┌─ Information supplied

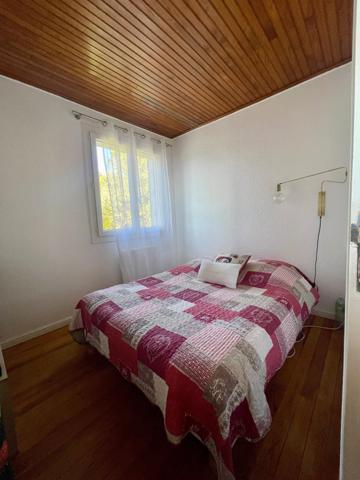 Maison avec vue panoramique, piscine et garage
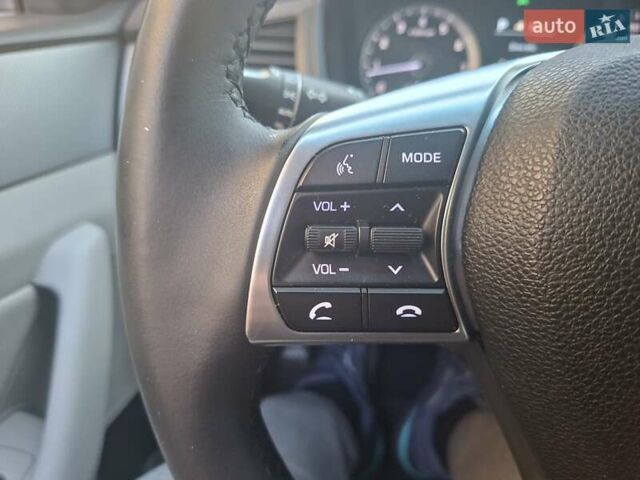 Хендай Соната 2017 в Киеве на Automoto.ua Синий Хендай Соната, объемом двигателя 2.36 л и пробегом 90 тыс. км за 11999 $, фото 34 на Automoto.ua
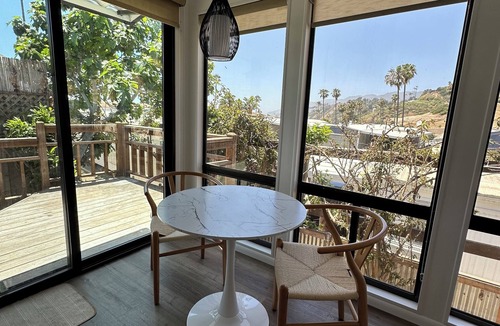 Pacific Palisades House | Cozy ocean view mobile home in amazing Pacific Palisades with AC, WiFi & Laundry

└─

* [Problem to solve] Before you return the listing exactly, strip out its pictures.

* [Reply to the exercise]
 Maison avec vue panoramique, piscine et garage
 Хендай Соната 2017 в Киеве на Automoto.ua Синий Хендай Соната, объемом двигателя 2.36 л и пробегом 90 тыс. км за 11999 $, фото 34 на Automoto.ua
 Pacific Palisades House | Cozy ocean view mobile home in amazing Pacific Palisades with AC, WiFi & Laundry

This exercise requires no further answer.